> _Exercise_
Lines from the one containing "Plaid Rustiek Script" through the end of the material are to be retyped exactly; do not copy pictures.

> _Data block_
________________________________________

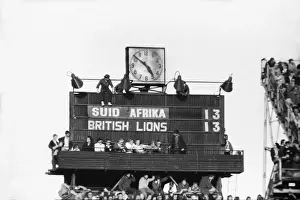 The scoreboard during the final test between South Africa & the British Lions in 1974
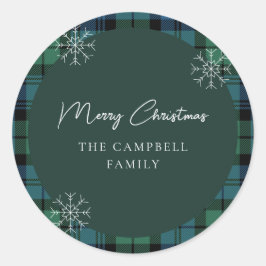 Plaid Rustiek Script Elegant Campbell Tartan Ronde Sticker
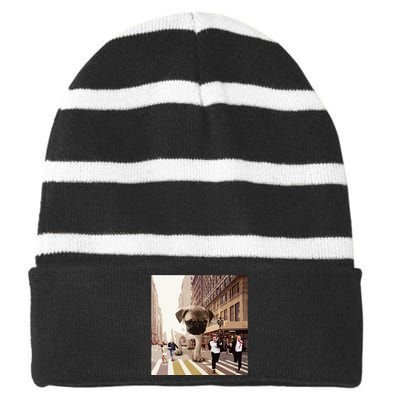 PUGZILLA Funny Pug For Dog Lovers To Halloween Striped Beanie with Solid Band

________________________________________

> _Answer section_
 Plaid Rustiek Script Elegant Campbell Tartan Ronde Sticker
 PUGZILLA Funny Pug For Dog Lovers To Halloween Striped Beanie with Solid Band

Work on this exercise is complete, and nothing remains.